そこには、男には出来ないような美しさもあるし、なんだかとても「やり返せた」感じがする。

僕が男の側であるにもかかわらず。

人類史という借金

人類がいわゆる猿よりもはっきりと人類らしくなったころ、どんな暮らしをしていたのかも、科学技術の進歩で徐々に明らかになってきている。

すべてアフリカで起こったことだと、みんな思ってた。

ところが、ユーラシア大陸全土で、各々別々に進化したその一群が、再びアフリカに戻り、それが人類となったという説も有力になりつつある。

すでに、別の野蛮な猿だとも思っていた、ネアンデルタール人やデニソワ人などの旧人との交雑も明らかになってる。

日本人である僕もその血を引いているのです。

だけども、そんなことよりも、もっともっと、うんと昔から、「男と女」は存在したのです。

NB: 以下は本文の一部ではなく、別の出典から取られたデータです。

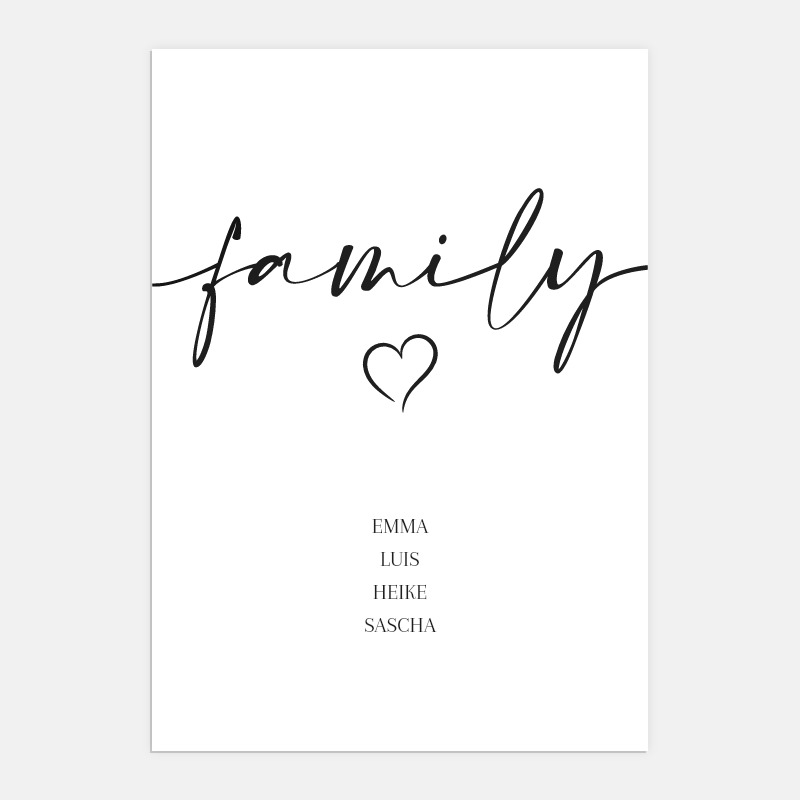 Poster "Family"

でもさすがに、えんえんと振り返るのは酷だろうので、せめて文字で記録された「有史」とされる範囲とでも言いたいのですが、今や遺伝子解析(DNAが無事ならどんな昔の生物や感染した病原菌ですらわかっちゃう)や、放射性炭素年代測定(マックスで6万年前まで判別できちゃう)で、骨や道具から見たくもないようなものまで見えてしまう時代になっちゃいました。

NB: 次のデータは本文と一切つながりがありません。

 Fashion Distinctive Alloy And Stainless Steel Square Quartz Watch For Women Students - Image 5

なんせ僕ら、300万年だか400万年前には、もうちゃんと猿じゃなくなってて、そこから長らく芽が出なかったのかもしれませんが、ざっくり最終氷河期の終わる13000年〜10000年前あたりには、待ってましたと活躍し始めました。

まぁ、その「ご活躍」なんですが、もう見るに耐えないくらい凄惨だったりもするんですよね。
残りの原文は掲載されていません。